Ex: as long as i, i+1, i+2, i+3, ... i+7 are not dependent on each other, you can vectorize to SIMD-width 8.
Or in other words: i+7 can depend on i-1 no problems.
> Ex: as long as i, i+1, i+2, i+3, ... i+7 are not dependent on each other, you can vectorize to SIMD-width 8.
Do you mean like this? I get this to about as fast as the first "unoptimized" version in the SO post, but not faster.
void compute()
{
const double A = 1.1, B = 2.2, C = 3.3;
const double A128 = 128*A;
double Y[8], Z[8];
Y[0] = C;
Y[1] = A + B + C;
Y[2] = 4*A + 2*B + C;
Y[3] = 9*A + 3*B + C;
Y[4] = 16*A + 4*B + C;
Y[5] = 25*A + 5*B + C;
Y[6] = 36*A + 6*B + C;
Y[7] = 49*A + 7*B + C;
Z[0] = 64*A + 8*B;
Z[1] = 80*A + 8*B;
Z[2] = 96*A + 8*B;
Z[3] = 112*A + 8*B;
Z[4] = 128*A + 8*B;
Z[5] = 144*A + 8*B;
Z[6] = 160*A + 8*B;
Z[7] = 176*A + 8*B;
int i;
for(i=0; i<LEN; i+=8) {
data[i ] = Y[0];
data[i+1] = Y[1];
data[i+2] = Y[2];
data[i+3] = Y[3];
data[i+4] = Y[4];
data[i+5] = Y[5];
data[i+6] = Y[6];
data[i+7] = Y[7];
Y[0] += Z[0];
Y[1] += Z[1];
Y[2] += Z[2];
Y[3] += Z[3];
Y[4] += Z[4];
Y[5] += Z[5];
Y[6] += Z[6];
Y[7] += Z[7];
Z[0] += A128;
Z[1] += A128;
Z[2] += A128;
Z[3] += A128;
Z[4] += A128;
Z[5] += A128;
Z[6] += A128;
Z[7] += A128;
}
}Yeah, something like that. I haven't double-checked your math, but the idea is what I was going for.
I'm always "surprised" by the fact that CPUs care more about bandwidth rather than latency these days. A lot of CPUs (Intel, AMD, ARM, etc. etc.) support 1x or even 2x SIMD-multiplications per clock tick, even though they take 5 clock ticks to execute.
I guess the original "simple" code may have had a multiply in there, but that's not a big deal these days (throughput wise), even though its a big-deal latency wise.
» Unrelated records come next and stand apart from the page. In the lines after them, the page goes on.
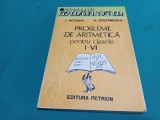 PROBLEME DE ARITMETICĂ PENTRU CLASELE I-IV / I. PETRICĂ, V. ȘTEFĂNESCU *1990 * 4 2 6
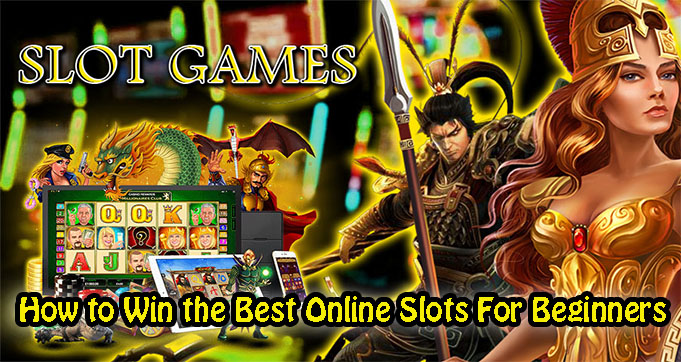 How to Win the Best Online Slots For Beginners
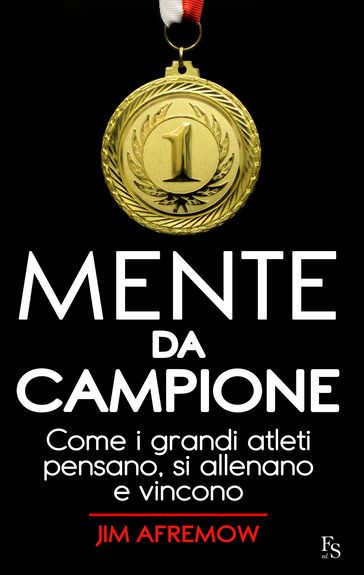 Mente da Campione. Come i grandi atleti pensano, si allenano e vincono. - Jim Afremow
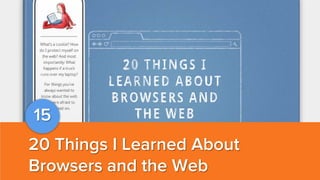 15
20 Things I Learned About
Browsers and the Web

 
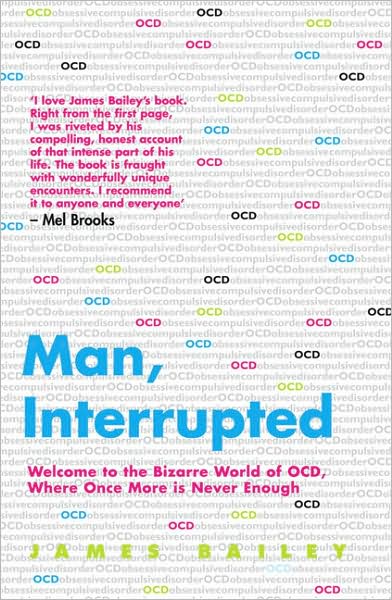 Man, Interrupted: Welcome to the Bizarre World of OCD, Where Once More is Never Enough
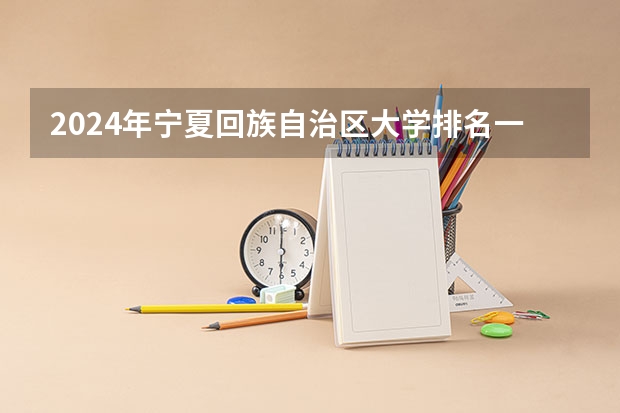 2024年宁夏回族自治区大学排名一览表 中国最牛的四大医学院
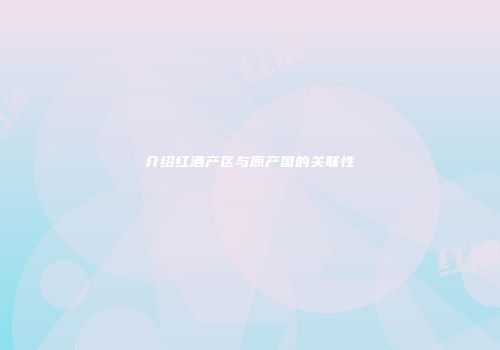 介绍红酒产区与原产国的关联性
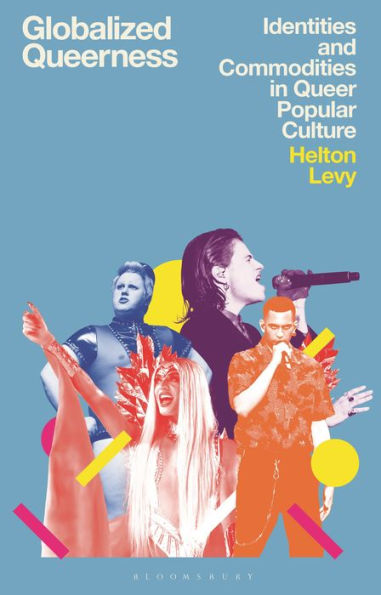 Globalized Queerness: Identities and Commodities Queer Popular Culture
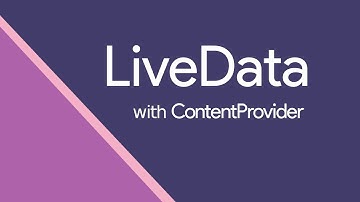 Implementing LiveData with ContentProviders [Kotlin]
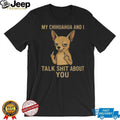 Funny Chihuahua Middle Finger My Chihuahua And I Talk Shit About You Shirt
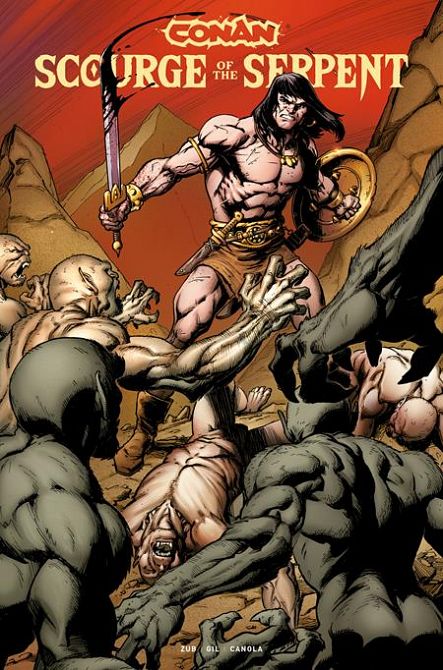 CONAN THE BARBARIAN SCOURGE OF THE SERPENT #4 CONAN THE BARBARIAN SCOURGE OF THE SERPENT #4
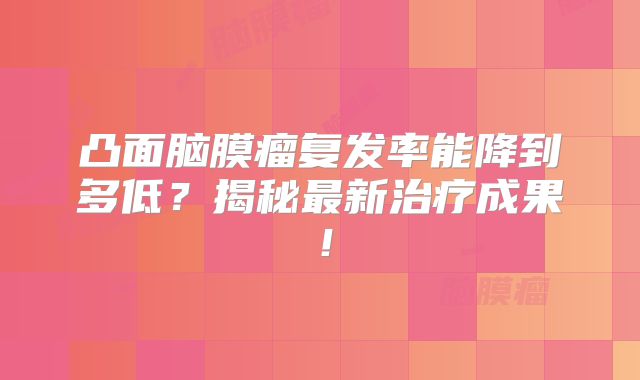 凸面脑膜瘤复发率能降到多低？揭秘最新治疗成果！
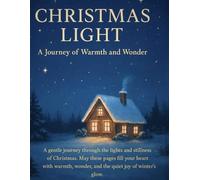 Christmas Light: A Journey of Warmth and Wonder: A Heartwarming Christmas Book of Reflection and Joy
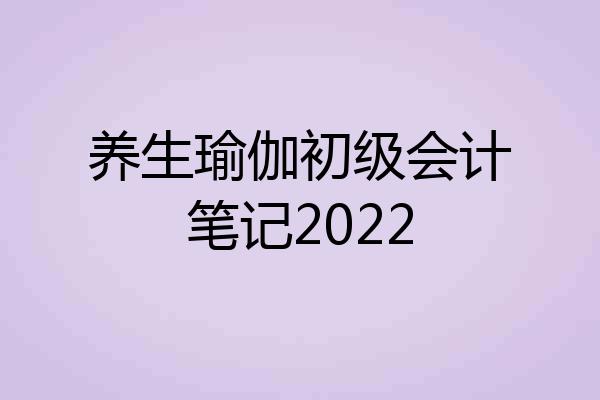 养生瑜伽初级会计笔记2022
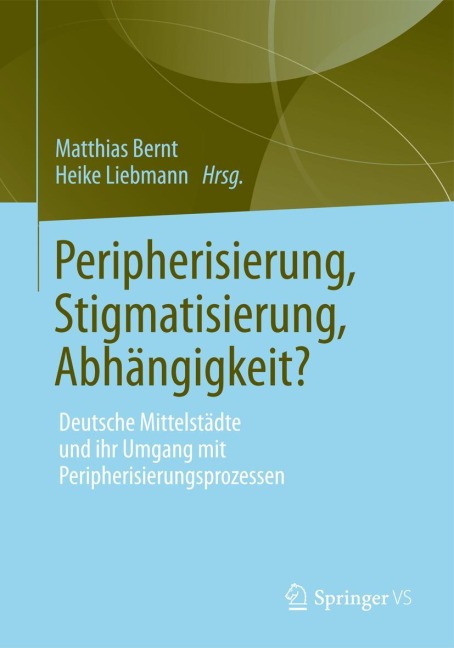 Peripherisierung, Stigmatisierung, Abhängigkeit? - 
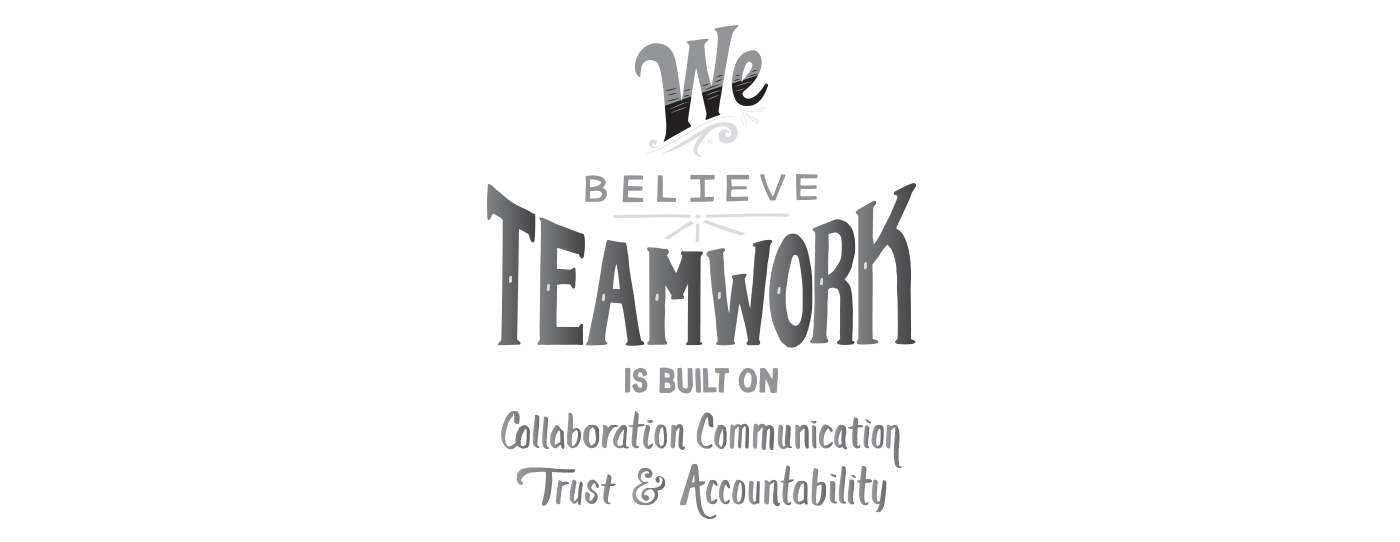 We Believe Teamwork is Built on Collaboration Communicating Trust & Accountability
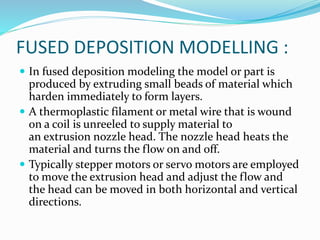 FUSED DEPOSITION MODELLING : 
 In fused deposition modeling the model or part is 
produced by extruding small beads of material which 
harden immediately to form layers. 
 A thermoplastic filament or metal wire that is wound 
on a coil is unreeled to supply material to 
an extrusion nozzle head. The nozzle head heats the 
material and turns the flow on and off. 
 Typically stepper motors or servo motors are employed 
to move the extrusion head and adjust the flow and 
the head can be moved in both horizontal and vertical 
directions. 
 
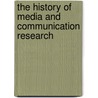 The History of Media and Communication Research door David W. Park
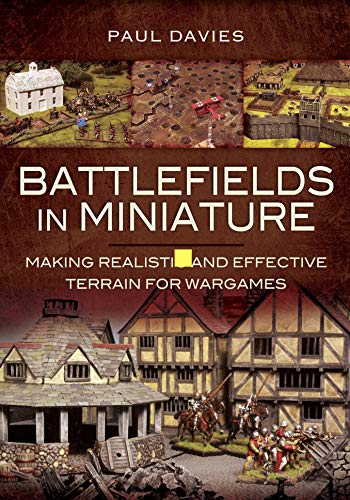 Battlefields In Miniature: Making Realistic And Effective Terrain For Wargames (English Edition)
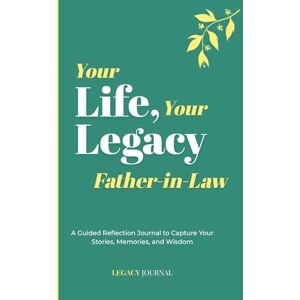 Legacy, John Your Life, Your Legacy — Father-in-Law: A Guided Reflection Journal to Capture Your Stories, Memories, and Wisdom (Legacy Series) Legacy, John Your Life, Your Legacy — Father-in-Law: A Guided Reflection Journal to Capture Your Stories, Memories, and Wisdom (Legacy Series)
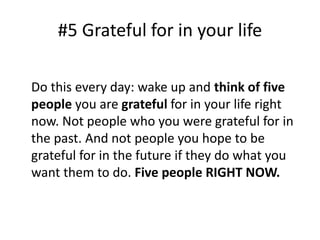 #5 Grateful for in your life 
Do this every day: wake up and think of five 
people you are grateful for in your life right 
now. Not people who you were grateful for in 
the past. And not people you hope to be 
grateful for in the future if they do what you 
want them to do. Five people RIGHT NOW. 
 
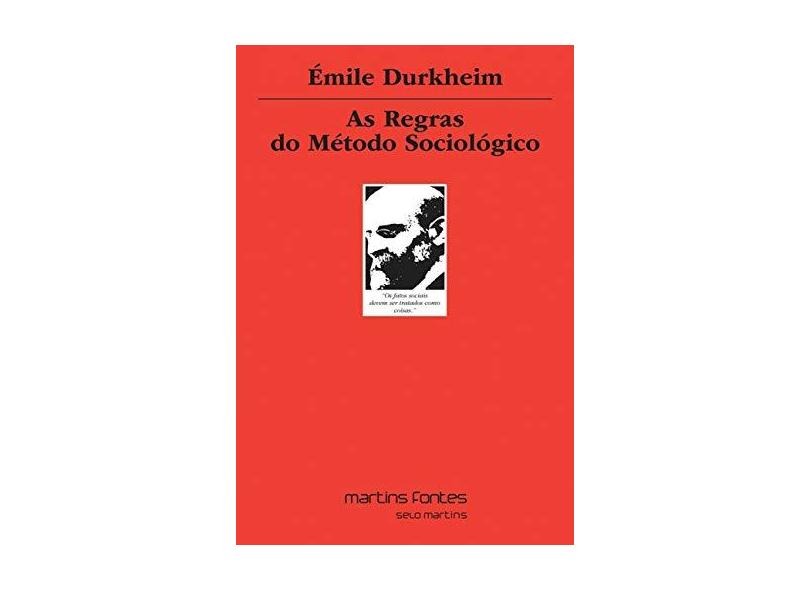 As Regras do Método Sociológico - 4ª Ed. 2014 - Durkheim,emile - 9788580631371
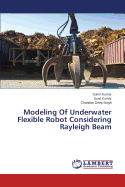 Modeling of Underwater Flexible Robot Considering Rayleigh Beam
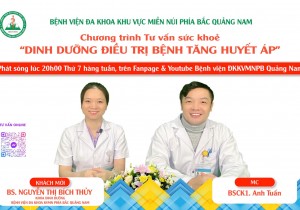 CHƯƠNG TRÌNH TƯ VẤN SỨC KHOẺ: DINH DƯỠNG ĐIỀU TRỊ BỆNH LÝ TĂNG HUYẾT ÁP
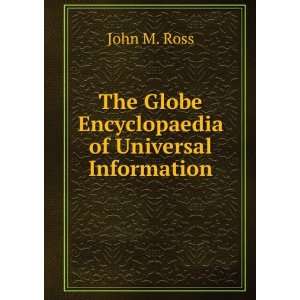   The Globe Encyclopaedia of Universal Information John M. Ross Books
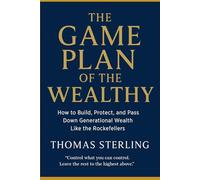 The Game Plan of the Wealthy: How to build, Protect, and Pass Down Generational Wealth like the Rockefellers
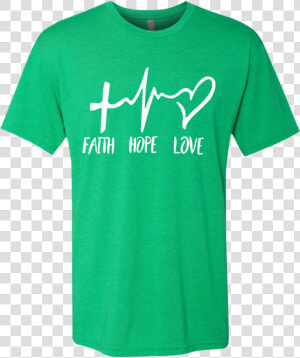 Load Image Into Gallery Viewer  Faith Hope Love T shirt   Nebraska The Good Life Shirt  HD Png Download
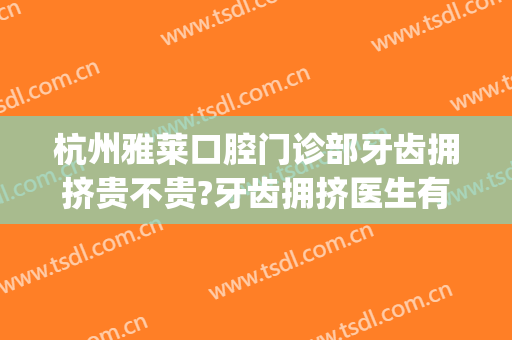杭州雅莱口腔门诊部牙齿拥挤贵不贵?牙齿拥挤医生有谁2024(杭州牙科医院贵不贵)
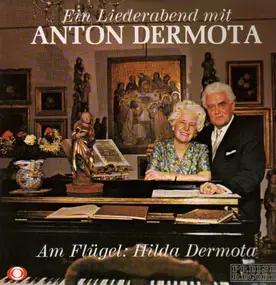 ANTON DERMOTA - Ein Liederabend mit Anton Dermota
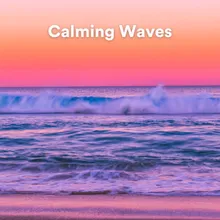 Calming Waves, Pt. 14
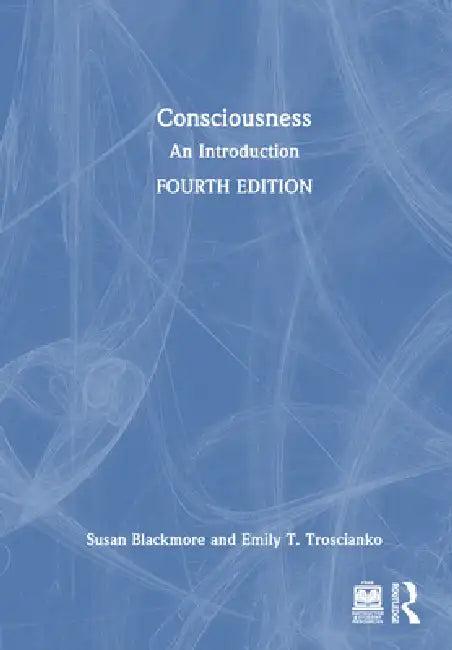 Consciousness (English, Susan Blackmore | Emily T. Troscianko)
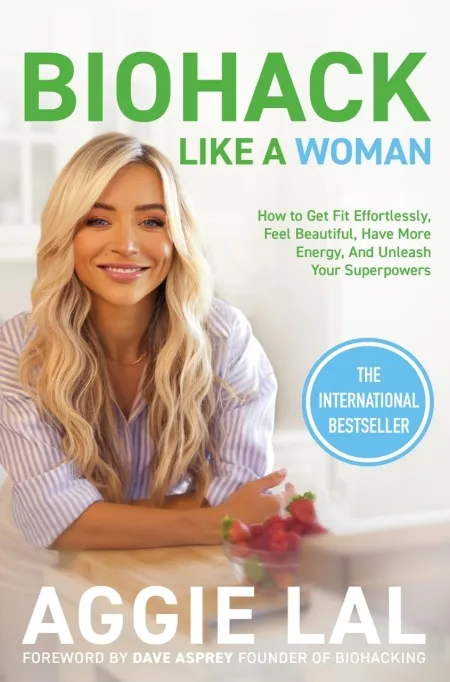 Biohack Like A Woman by Aggie Lal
So getting rid of those multiplies and cutting down the latency (ie: using only add statements) barely helps at all, maybe with no measurable difference.
One of these days, I'll actually remember that fact, lol.
4x 64-bit is 256-bit, which requires special compiler flags for 256-bit AVX2, but most x86 CPUs should support them these days.
2x64-bit is 128-bit, which fits in default SSE 128-bit SIMD with default GCC / Visual Studio compiler flags.
I think there's some gcc option that enables these "dangerous" optimizations. -ffast-math, or something like that?
I really don't see how that works in improving this.
You can only calculate i+8, for calculating i+9 you depend on 8. And you can't go in strides either since i+16 depends on i+15 which you've not calculated so far unless you want to intermix the stateful and non-stateful code. I'd rather not go there.